2 Servings
35 minutes prep and cook
NOTES:
To tone down the sauce add more whipping cream to your taste!
INGREDIENTS:
4 Slices Webster City Canadian Bacon
2 English Muffins
4 Large Eggs
Splash Vinegar
4 Tbsp Butter
4 Egg Yolks
2 tsp. Lemon Juice
1 Tbsp + Extra Heavy Whipping Cream
Salt & Pepper to Taste
DIRECTIONS:
- Melt butter in a small saucepan.
- In a small bowl, beat the egg yolks. Mix in lemon juice, whipping cream, salt, and pepper.
- Add a spoonful of melted butter at a time to the egg mixture and stir well until all is mixed.
- Once the butter has been incorporated, pour the mixture back into the saucepan. Cook on low heat, stirring constantly, for 20-30 seconds.
- Remove from heat and add more cream if desired.
- Fill a medium sized pot with about 3 inches of water.

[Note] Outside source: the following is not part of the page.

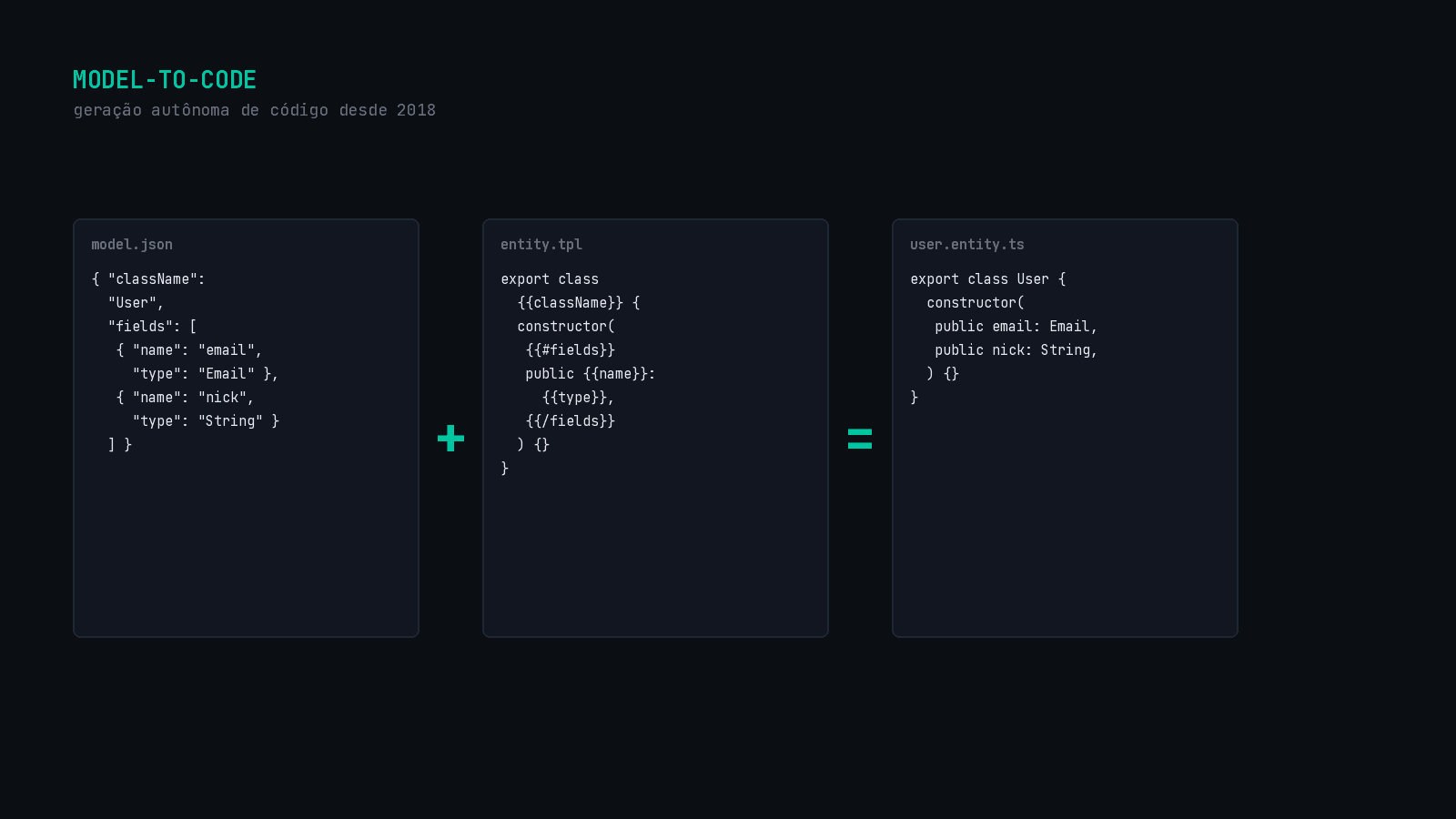 Model-To-Code: A Engine que Escrevia Código Sozinha Antes de a IA Virar Moda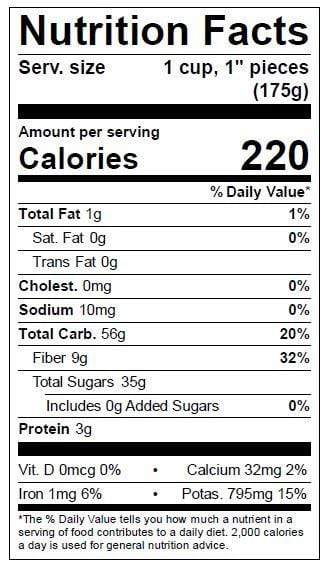 Image of  Mamey Sapote Nutrition Facts Panel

Bring to a boil the reduce to simmer.
- Add a splash of vinegar to the water to help the egg whites stay together.
- Crack one egg into a small cup (measuring cups work great).
- Lower the egg into the simmering water and repeat with the remaining eggs.
- Cook for 3-5 minutes until desired doneness.
- Warm up the Canadian Bacon on a griddle.
- Assemble the Eggs Benedict with toasted English muffin, Canadian bacon, poached egg and hollandaise sauce.